Elle est cuisine parce qu’on y cuisine – la table, le réfrigérateur, le buffet, tous ces objets sont ailleurs, dans l’annexe, si l’on veut, mais pas dans la cuisine qui est ce que l’on qualifierait en allemand, langue si pratique, d’une « Kochnische » : un recoin fait d’un plan de travail et d’un évier. 

Des carrelages jaunes et bleu, des surfaces blanches. Beaucoup de grosses éponges que Mamy ébouillante régulièrement comme des crustacés, un énorme savon de Marseille posé en paquebot gluant sur le rebord et qui à coup sûr glisse dans la cuvette. Toujours ce système de double bac, la cuvette, puis l’évier. Je n’ai jamais bien percée la logique. 

La grande poubelle, le bruit de la pédale grinçante et le sac plastique qui se froisse avec des arrêtes restées collées. Ça sent l’eau de Javel quand il y a ménage.

Vers midi, je flaire le poisson frais que j'accepte de regarder en face une fois qu'il est cuit, ou les petites pommes de terre rissolées au beurre, inégalées. 

Sur le crochet à droite, le tablier fin bordé de rouge, avec une grande poche devant, remplie de sopalin plus ou moins utilisé.
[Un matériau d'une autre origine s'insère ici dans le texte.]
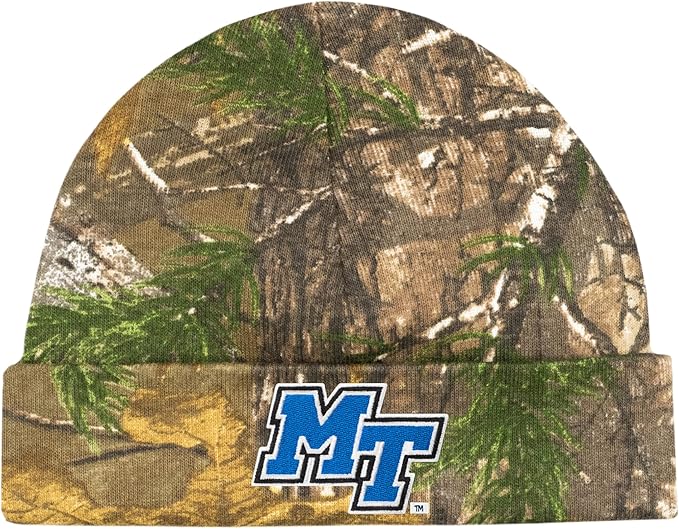 College Baby NCAA Officially Licensed Infant Knit Cap - Embroidered Beanies for Preemies & Newborns (0-3 Months)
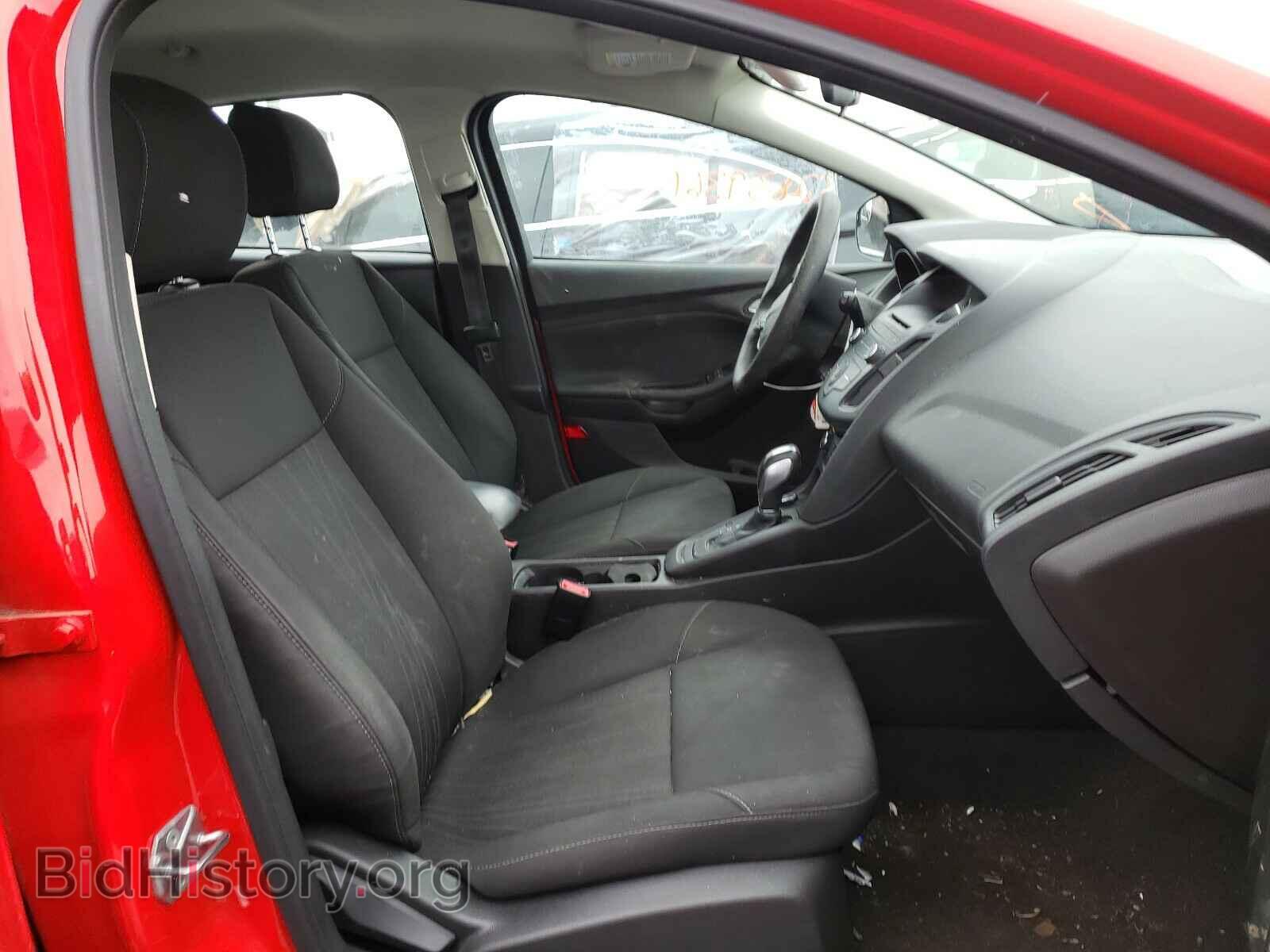 2016 FORD FOCUS - VIN: 1FADP3K20GL336274 - Фото 5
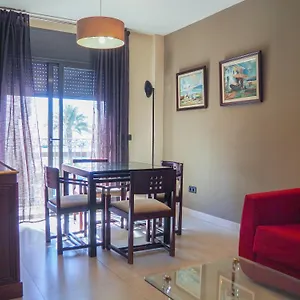  Appartement Ciudad, El Serrallo Ap-1 Espagne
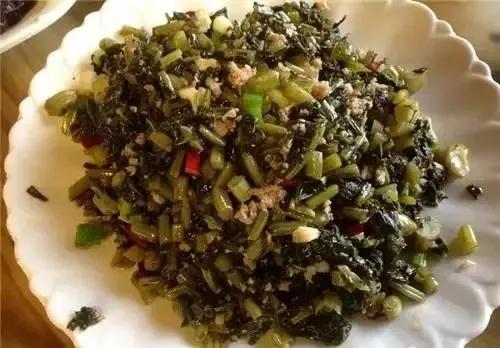 刮盆粉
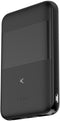 Ksix BXBA5000SM03 - Powerbank - 5000mAh - 2x USB-A uitgangen - 1x USB-C in-/uitgang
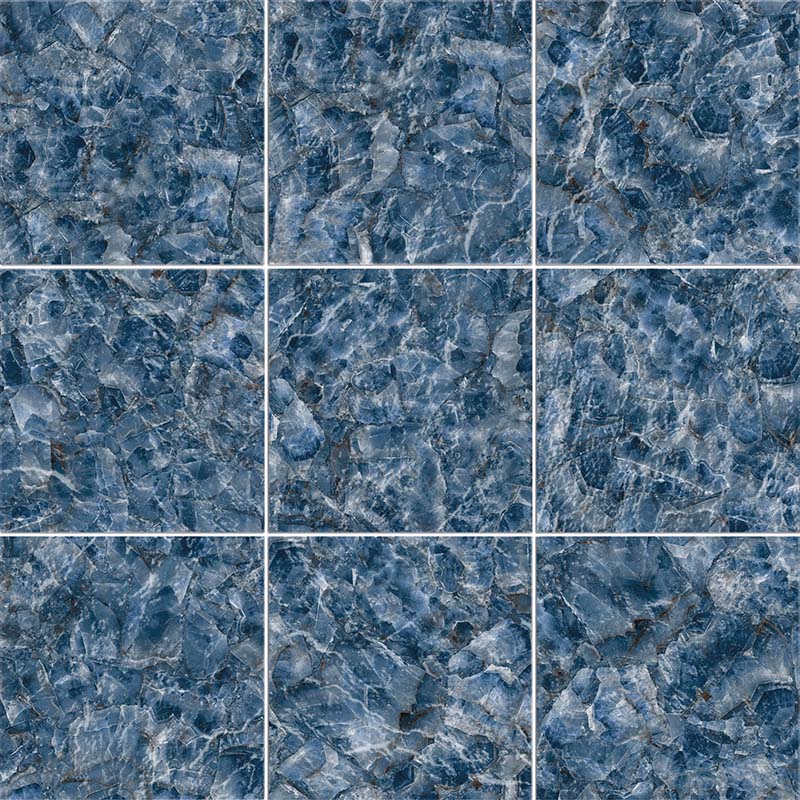 Venus Sky - Gres Porcellanato Effetto Pietra Lucido 15x15 - Image 2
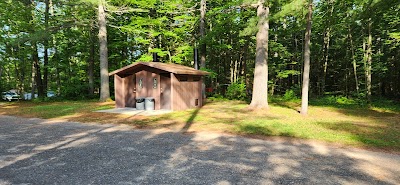 Three Lakes - Eckerman, Michigan campground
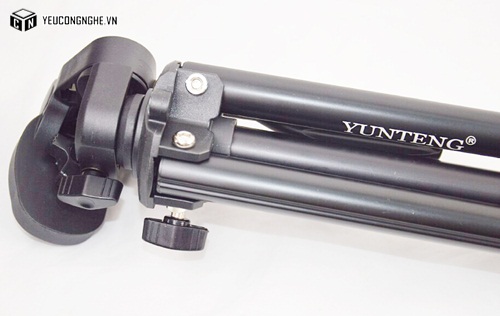 Chân máy ảnh chính hãng Yunteng VCT-680 cho DSLR Camera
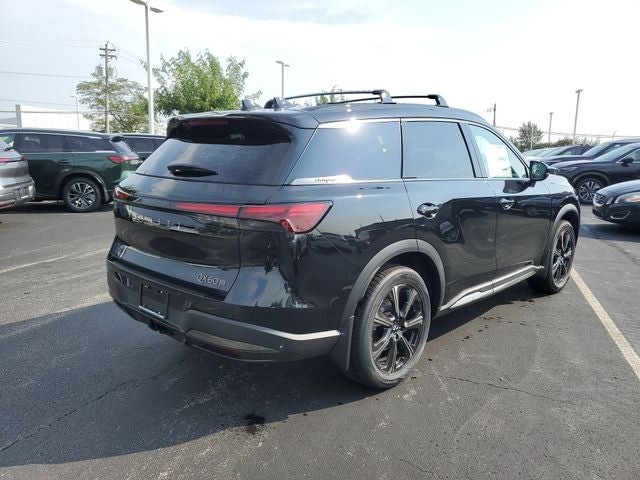 2027 INFINITI QX60 Autograph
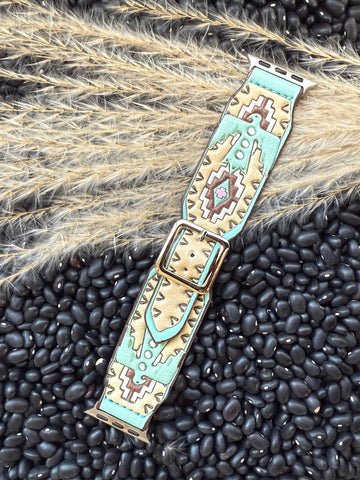 Apple - Watch Band - Vegas - Western Accessory - Bronco Western Supply Co.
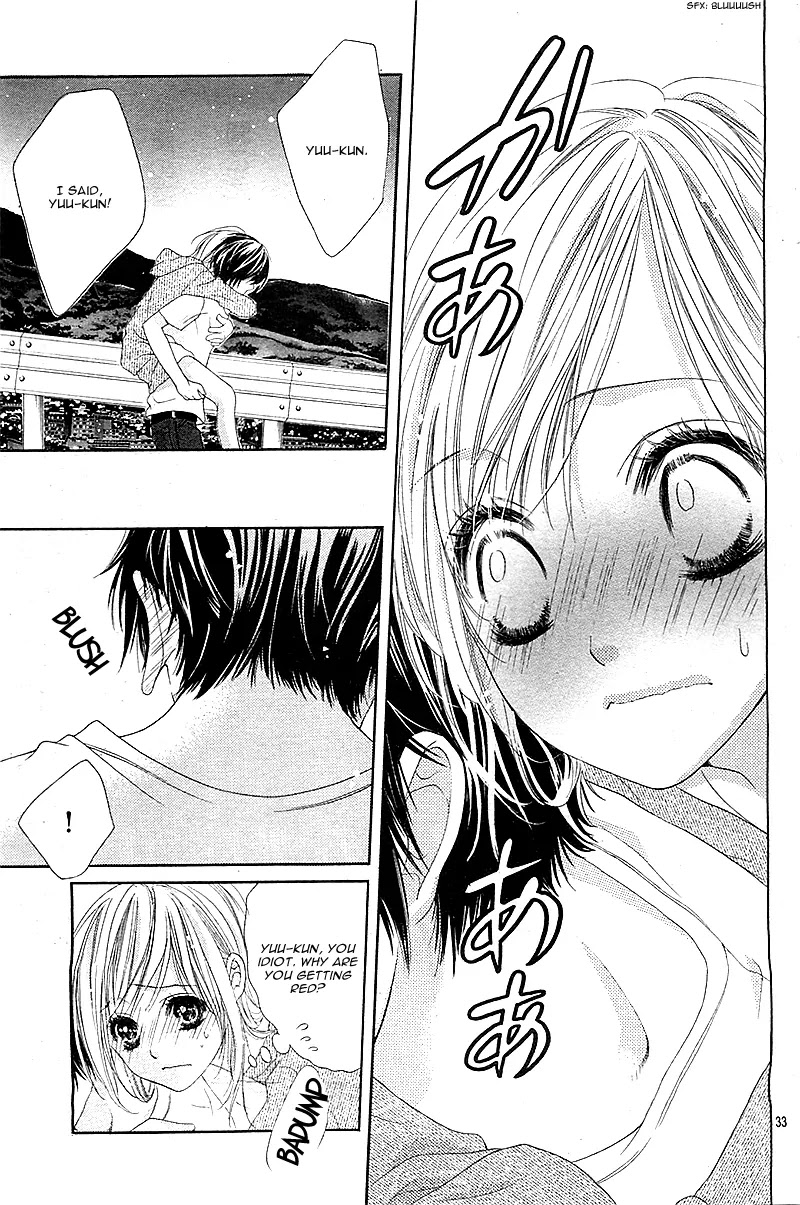 17-sai, Kiss to Dilemma Chapter 2 page 33 - Chapter 2
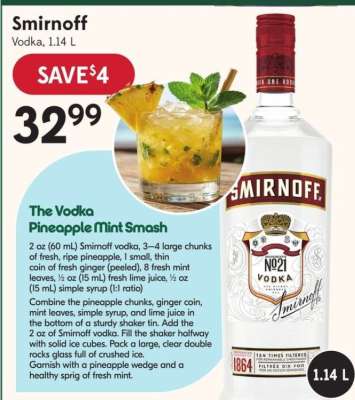 Smirnoff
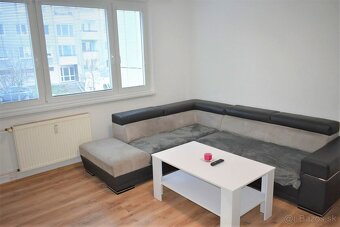 Prenájom 1 izb.bytu s loggiou,40 m2 - Hájik, Žilina - 5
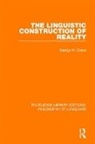 George W. Grace, Gerald W. Grace, Grace Gerald W. - Linguistic Construction of Reality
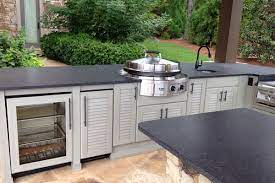 Best Weatherproof Outdoor Summer Kitchen Cabinets In Melbourne Fl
Dans le placard, le moulin à persil que Mamy aime utiliser quand elle ne cisèle pas de la queue verte. J’ai compris beaucoup plus tard que tout le monde disait ciboulette. Pas de planche à découper, mais la pulpe du pouce tailladée, tout se découpe directement de la main à la poêle. 

Des plaques à induction sur lesquelles je pose une main à 6 ans – cloques. En face des plaques, dans le dos de Mamy et de son pot de crème fraîche, un miroir tout en long où j’adore prendre la pose. Juste à côté, une petite marche pour accéder au salon. J’aime m'y caler avec un livre ou juste pour attendre avec RTL en bruit de fond, petite fille qui ne veut pas être dérangée mais qui veut bien déranger tout le monde en forçant les autres à l’enjamber. Très pratique aussi pour nouer ses lacets. De là, je cale mes pieds sur le tuyau du chauffage qui court le long du mur, près du calendrier où Mamy fait avancer chaque jour un repère en plastique fluo sur la bonne date. Beaucoup de listes de courses dans cette cuisine, sur des bouts de papier cartonné, des stylos bic transparents et des blocs notes fantaisistes. 

Toujours dans la cuisine, le vanity case de Mireille, le coffre au trésor. Elle le laisse là, posé entre le gros sel et les feuilles de laurier, pour se refaire une beauté après le déjeuner. Vu que la salle de bain aussi débouche sur la cuisine, c’est pratique. J’y pioche un rouge à lèvres, je caresse la houppette colorée d’une poudre orangée, je n’arrive pas à bien me coiffer les cheveux avec cette brosse en forme de bigoudi géant qui convient aux courtes mèches argentées de ma grand-mère et pas à mes boucles. Je dérange et re-range une lime à ongle dont l’intérêt me semble extrêmement limité. 

Quand Mamy est dans la cuisine, personne d’autre n’accède aux plaques ou aux placards, et je suis obligée de lui faire des câlins par derrière, calant ma tête au fil des âges dans ses fesses, sa taille, son dos, ses épaules arrondies, sa nuque parfumée pour la faire rigoler.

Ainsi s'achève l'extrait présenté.